## YOUR ASSIGNMENT
Write out the records in full, exactly as given, but without the images.

## PROVIDED RECORDS
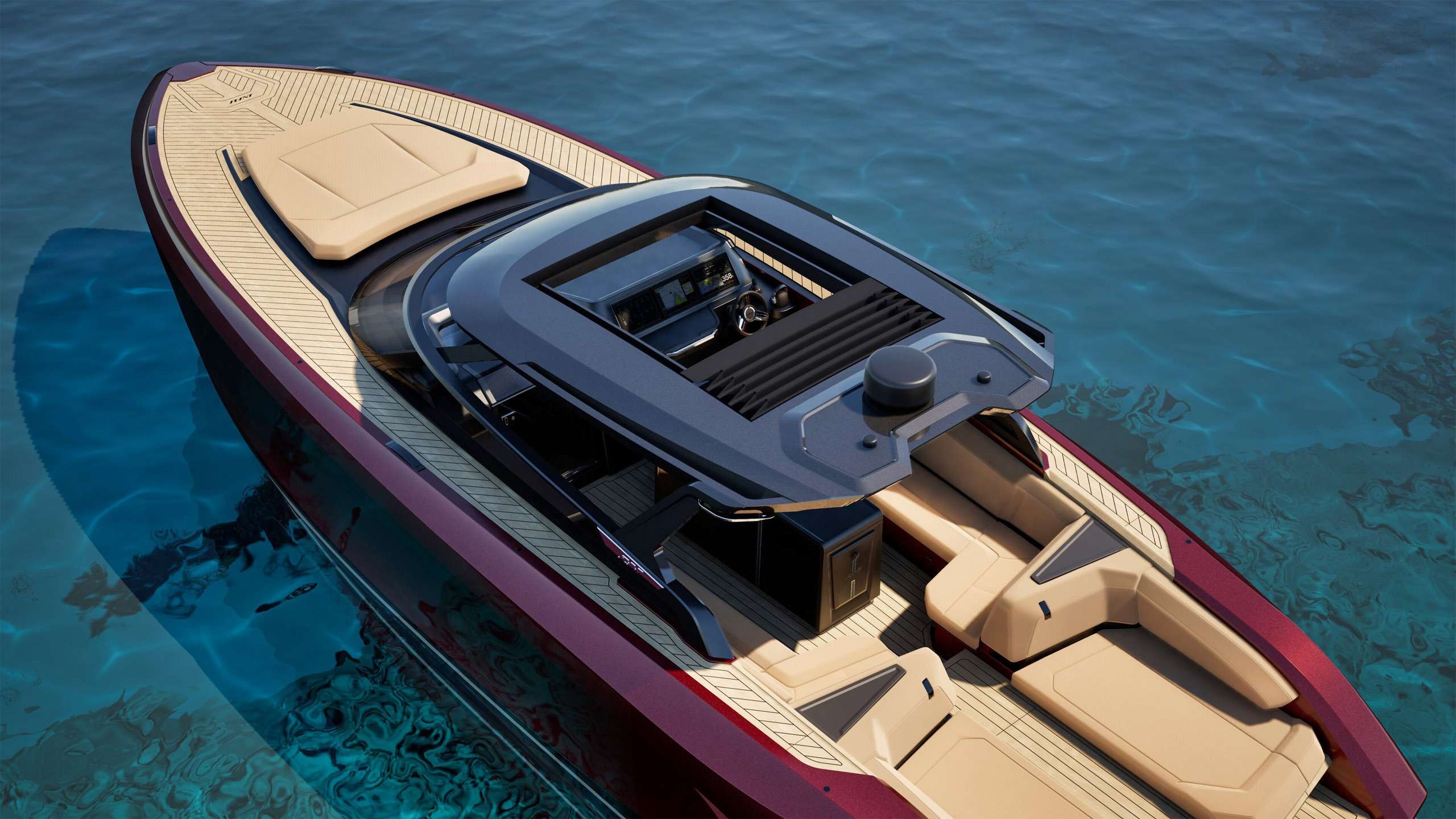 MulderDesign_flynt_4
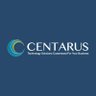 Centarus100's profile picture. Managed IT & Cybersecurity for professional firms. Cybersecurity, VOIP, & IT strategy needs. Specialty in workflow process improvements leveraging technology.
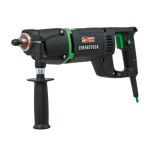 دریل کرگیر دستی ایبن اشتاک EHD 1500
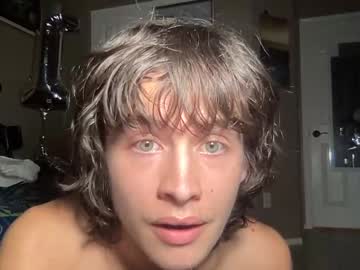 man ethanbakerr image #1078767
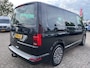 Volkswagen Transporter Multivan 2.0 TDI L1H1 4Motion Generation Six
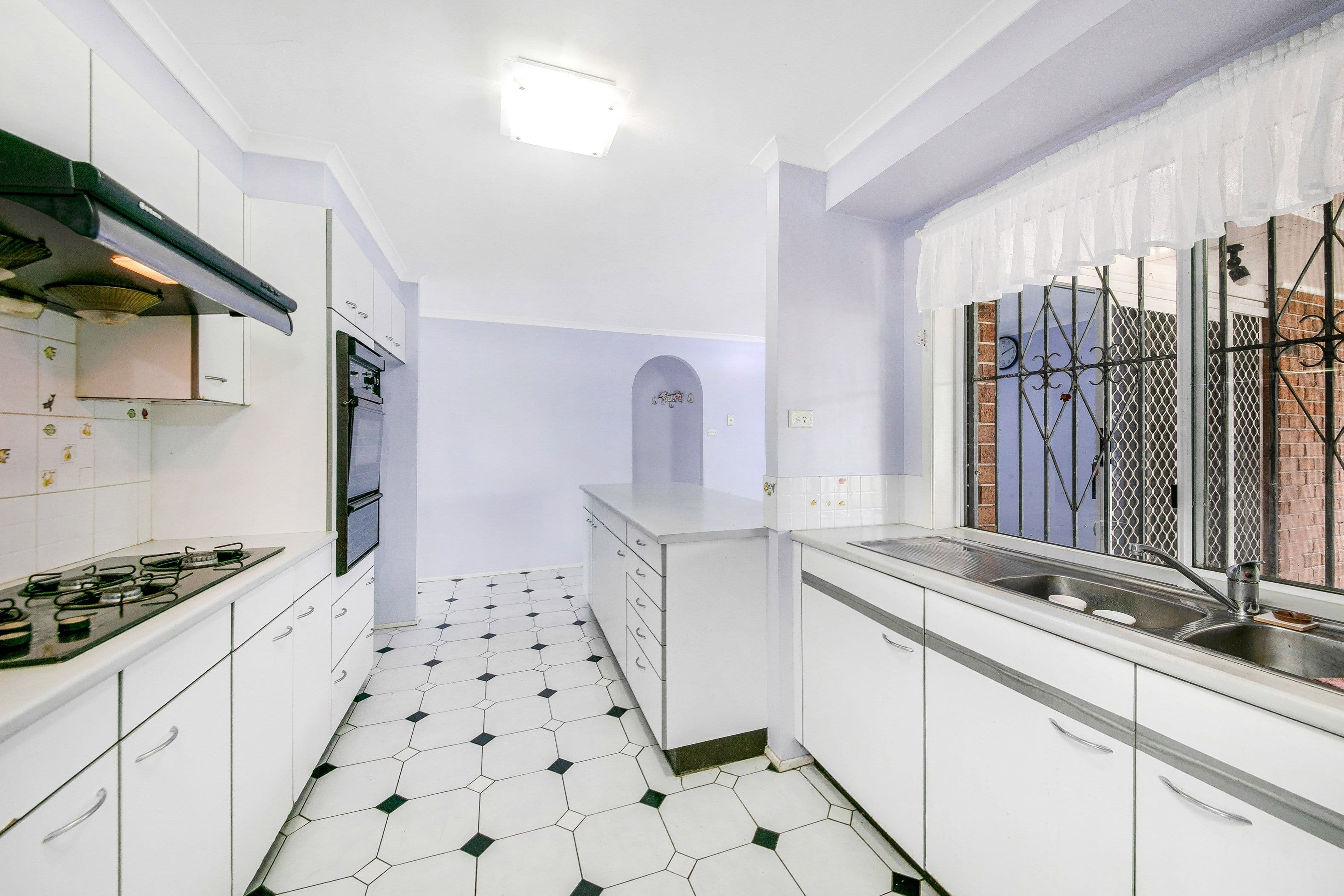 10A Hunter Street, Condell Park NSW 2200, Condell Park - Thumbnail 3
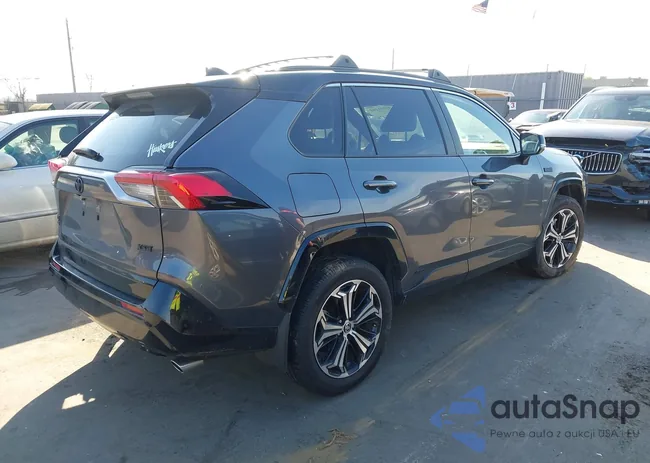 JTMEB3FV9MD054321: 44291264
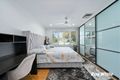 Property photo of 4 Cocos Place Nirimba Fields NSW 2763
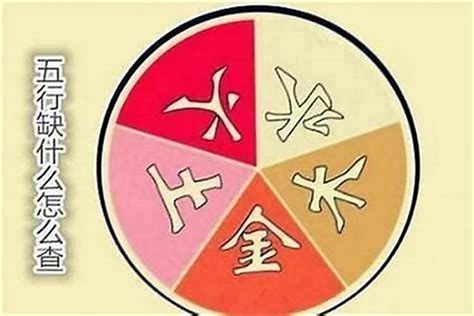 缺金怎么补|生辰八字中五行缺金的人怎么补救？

## RESPONSE TO THIS EXERCISE
 MulderDesign_flynt_4
 Centarus100's profile picture. Managed IT & Cybersecurity for professional firms. Cybersecurity, VOIP, & IT strategy needs. Specialty in workflow process improvements leveraging technology.
 دریل کرگیر دستی ایبن اشتاک EHD 1500
 man ethanbakerr image #1078767
 Volkswagen Transporter Multivan 2.0 TDI L1H1 4Motion Generation Six
 10A Hunter Street, Condell Park NSW 2200, Condell Park - Thumbnail 3
 JTMEB3FV9MD054321: 44291264
 Property photo of 4 Cocos Place Nirimba Fields NSW 2763
 缺金怎么补|生辰八字中五行缺金的人怎么补救？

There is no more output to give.